# Comunicação entre processos

Sinais, pipes, FIFOs, sockets e memória partilhada, com um pipe pai-filho explicado.

Página: https://resumos.rgo.pt/cadeiras/so/comunicacao-processos/

O `fork` dá ao filho uma cópia da memória do pai, por isso as variáveis não atravessam a fronteira entre processos. Quando dois processos precisam de cooperar, usam um mecanismo de **comunicação entre processos** (_IPC_). Cada um tem um compromisso diferente entre simplicidade, volume e alcance.

## Sinais: interromper para avisar

Um **sinal** é uma notificação curta que um processo envia a outro: terminar (`SIGTERM`), interromper do teclado (`SIGINT`, o Ctrl+C), filho terminou (`SIGCHLD`). O processo destino pode ignorar, tratar com uma função própria ou sofrer a ação por defeito. Sinais transportam quase nenhuma informação (só o número do sinal), por isso servem para avisar, não para conversar. O `kill -TERM <pid>` da shell é o exemplo que já usaste sem saber o nome.

## Pipes: conversa entre parentes

Um **pipe** é um canal unidirecional com uma ponta de escrita e uma de leitura. Cria-se com `pipe`, que devolve dois descritores, e tipicamente usa-se entre pai e filho: o pai cria o pipe antes do `fork`, por isso ambos herdam as duas pontas, e depois cada um fecha a ponta que não usa.

```
#include <stdio.h>
#include <string.h>
#include <unistd.h>

int main(void) {
    int pontas[2];
    pipe(pontas);
    pid_t pid = fork();
    if (pid == 0) {
        close(pontas[0]);
        const char *msg = "ola pai";
        write(pontas[1], msg, strlen(msg));
        close(pontas[1]);
    } else {
        close(pontas[1]);
        char buf[32];
        ssize_t n = read(pontas[0], buf, sizeof(buf) - 1);
        buf[n] = '\0';
        printf("Pai leu: %s\n", buf);
        close(pontas[0]);
    }
    return 0;
}
```

Segue o protocolo com atenção. O filho fecha a ponta de leitura e escreve na de escrita; o pai fecha a de escrita e lê da de leitura. Fechar as pontas não usadas não é arrumação, é correção: o `read` só devolve fim de ficheiro quando **todas** as pontas de escrita estiverem fechadas, por isso um pai que se esqueça de fechar a sua cópia da escrita fica bloqueado para sempre à espera de dados que nunca chegam. A leitura também bloqueia até haver dados, o que aqui é exatamente o que queremos: o pai espera que o filho escreva.
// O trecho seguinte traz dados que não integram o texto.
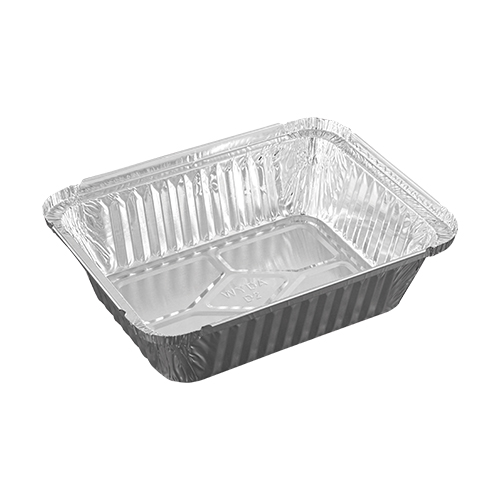 EMBALAGEM DE ALUMINIO 20X15CM COM 100 UNIDADES 1000ML COM TAMPA WYDA 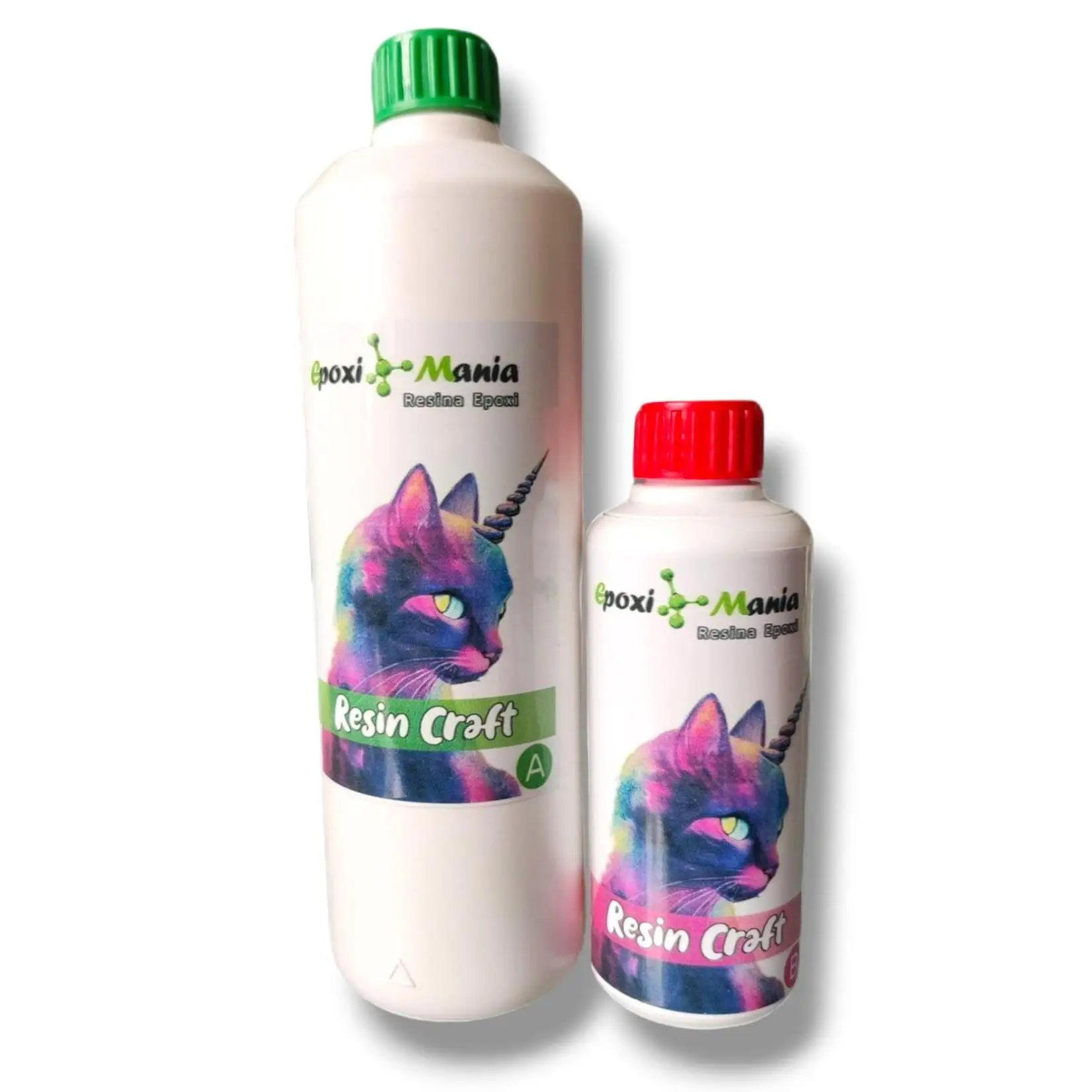Resina epoxi Resin craft Epoximania de alto brillo, sin microburbujas y trasparente 1 kilo A + B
## FIFOs, sockets e memória partilhada

*   Um **FIFO** (_named pipe_) é um pipe com nome no sistema de ficheiros. Qualquer processo com permissões o abre pelo nome, por isso serve para processos sem parentesco. De resto comporta-se como o pipe: unidirecional e com bloqueio na leitura.
*   Um **socket** é um canal bidirecional que tanto liga processos na mesma máquina como máquinas diferentes pela rede. É a base de quase toda a comunicação em rede, mas paga-se em complexidade: endereços, ligações e protocolos.
*   A **memória partilhada** com `mmap` mapeia a mesma zona física no espaço dos dois processos, que passam a ler e escrever nela diretamente. É o mecanismo mais rápido para grandes volumes, porque não copia dados pelo núcleo. O preço é a sincronização: sem [mutexes e semáforos](https://resumos.rgo.pt/cadeiras/so/comunicacao-processos/programacao-concorrente/) para ordenar os acessos, os dois processos pisam-se e o resultado varia de execução para execução.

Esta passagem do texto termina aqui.